Vietnam’s economy: Outlook is favorable on balance, but risks remain tilted to the downside
Updated: 7/29/2015 3:09:46 PM GMT + 7
Economic experts of WB at the press conference(Photo: Vietnam+)
Economic experts of WB at the press conference(Photo: Vietnam+)

(MPI Portal) – On July 20th 2015, in Hanoi, World Bank announced an on Vietnam’s recent economic developments.

According to the report, GDP growth of Vietnam in the first half of 2015 is 6.28%, which is the highest growth of the first half within the last 5 years. Recovery of Vietnam’s economy is mainly led by industry and construction, but sluggish growth in agriculture and services. Growth is driven by domestic demand, pick up in both investment and consumption. Despite growing high value manufacturing exports, overall export growth slowed down due to low commodity and food prices. Imports are growing strongly, resulting in trade deficit and negative contribution by net exports. Inflation has come down largely due to the pass through low commodity prices. Besides, the State Bank of Vietnam has cut the rate accompanied by relaxation of macro-prudential policy in order to facilitate economic activities and credit. Generally, GDP of Vietnam will grow 6 to 6.2% and inflation will be low about 2.5% in 2015.

However, fiscal deficit over the past 5 years increased to 5% of GDP (as compared to 1.1% during 2003-2008. State budget has to spend about 8% for the rate of debts, there are large off-budget activities. While risk of acute debt distress remains low, counter-cyclical policy has eroded available fiscal buffers and rapid pace of debt accumulation is a cause for concern. Greater reliance on domestic debt has increased the average interest rate and significantly shortened the maturity profile of public debt.

Trade balance deteriorated substantially owing to commodity price declines, export of agricultural fishery products and crude oil have decreased, high value manufacturing exports are up. FDI disbursements remain strong, although FDI commitments are weakening slightly. Despite recent build up, foreign reserve coverage remains low, low external debt and robust roll-over rates.

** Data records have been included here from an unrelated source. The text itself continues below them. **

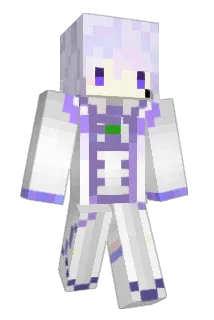 JoPingS Minecraft avatar full body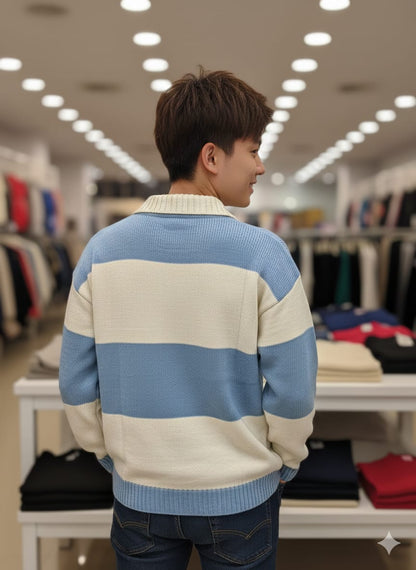 Retro Vibes Meet Modern Streetwear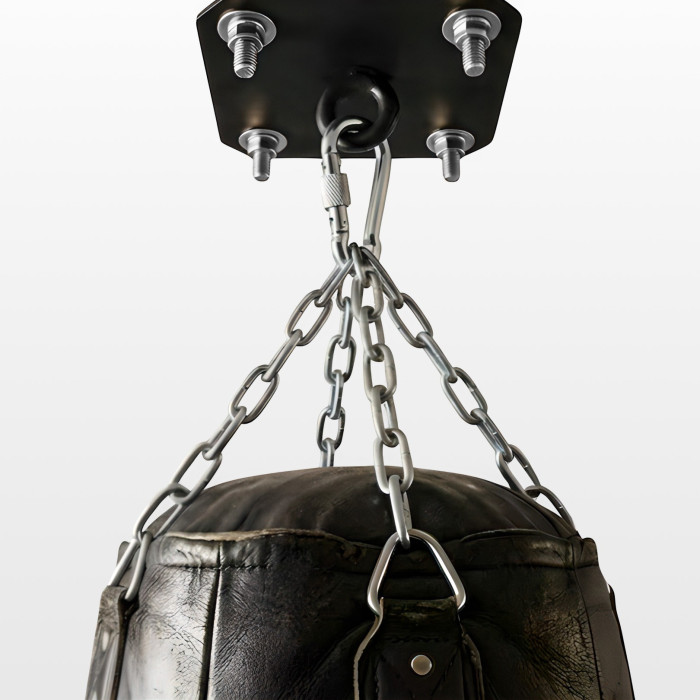 Крепление для боксерской груши EasyFit потолочное.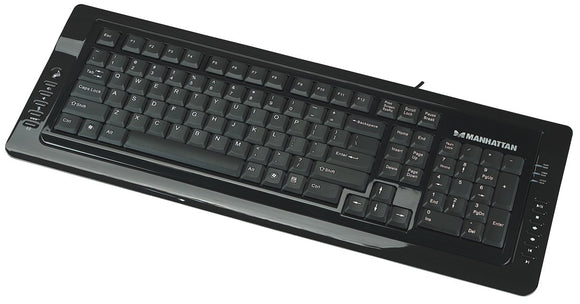 Advanced Multimedia Keyboard - BK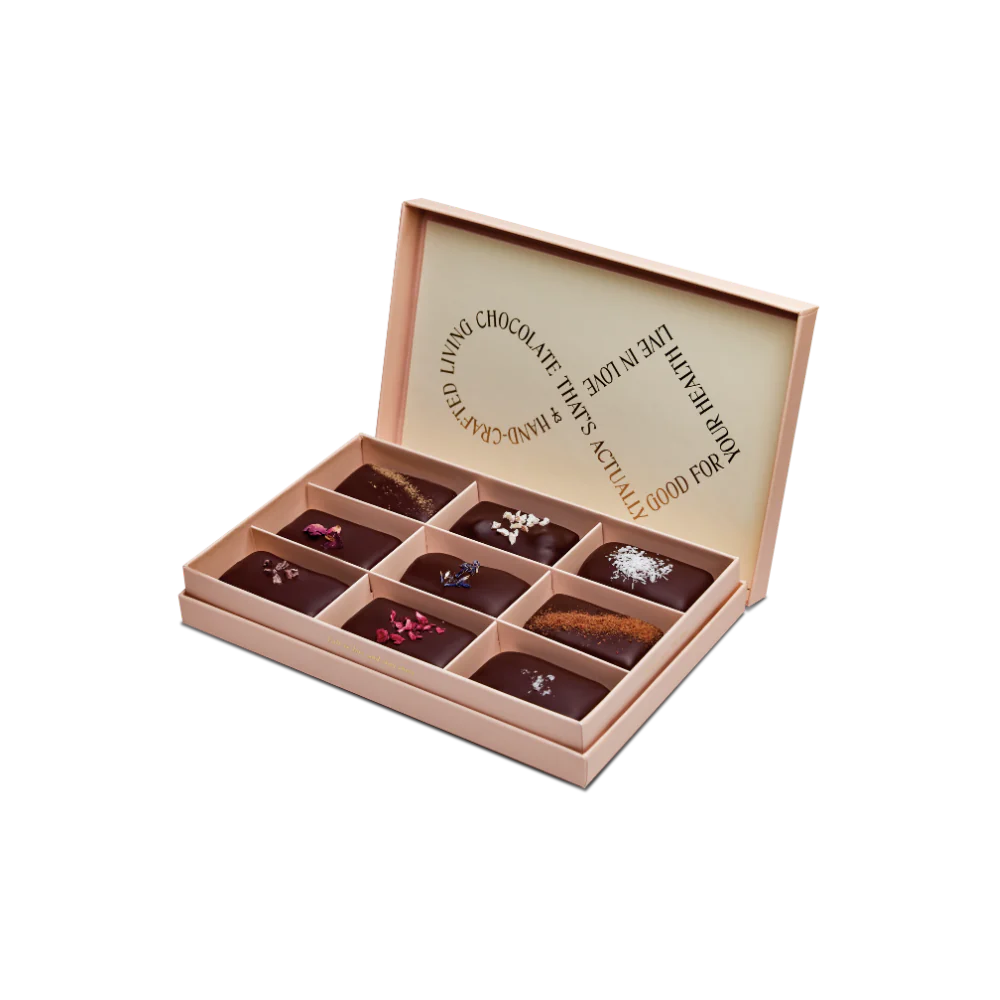 Loco Love Artisan Chocolates - Gift Box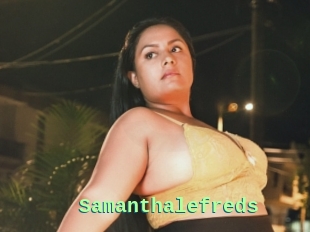 Samanthalefreds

There is a strong pipeline for SOE equitization, but implementation slowed down, equally ambitious targets for divestment from non-core assets, but progress has been relatively slow. As of the end-Quarter I, there were 29 SOEs equitized as compared to the goal of 289 SOEs set forth for the whole year 2015. Some progress on banking sector reforms during the first half of 2015, especially with regard to consolidation of the banking sector. Emerging trade agreements offer external anchor for further structural reforms./.